I use sand and do this monthly.


*Latrite:*

Weathered Clay from tropical and subtropical areas which has been burned by the sun over thousands of years.

Does not release minerals or nutrients, but can store them for plant use.

Cat litter is the cheapest form of latrite, but must make sure it doesn't contain perfumes or clumping additives.


*Fluorite:*

An Iron rich stable porous clay gravel

Colors, Brown and Red

Used for naturally planted aquariums. May be mixed with other gravels but does best alone. If mixed the ratio should be 50 x 50%.

Depth of the layer should be 2 inches (5 cm)

When using Fluorite, make sure to add water slowly, Will cause some cloudiness, but will clear within 2 - 12 hours.

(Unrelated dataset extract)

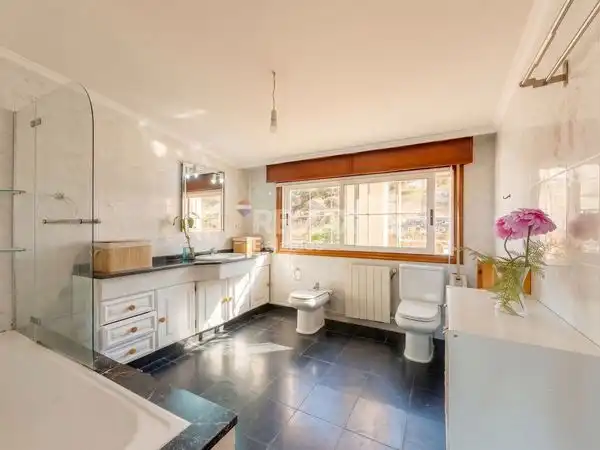 Baño de Casa o chalet en venta en Baiona con Calefacción, Jardín privado y Parquet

*The Natural Tank:* (Not suggested for beginners)

Low maintenance, no chemical filters. Just use a power head for water movement, with a prefilter for mechanical filtration.

1st layer: Substrate consists of 1 - 1 1/2 inches of an unsterilized top soil or potting soil, with no chemicals added.

2nd layer: 1 - 1 1/2 inches of 2 - 4 mm gravel.

If soil is acidic you can add pelleted dolomite or crushed shells mixed well to gradually raise hardness.

Do not add peat or ferts. You can add decomposed organic matter like compost between the soil and gravel.


----------



## Dmaaaaax (Nov 20, 2008)

Looks great!!!

One small favor. Can you make each substrate *Bold* to make each easier to find/compare?


----------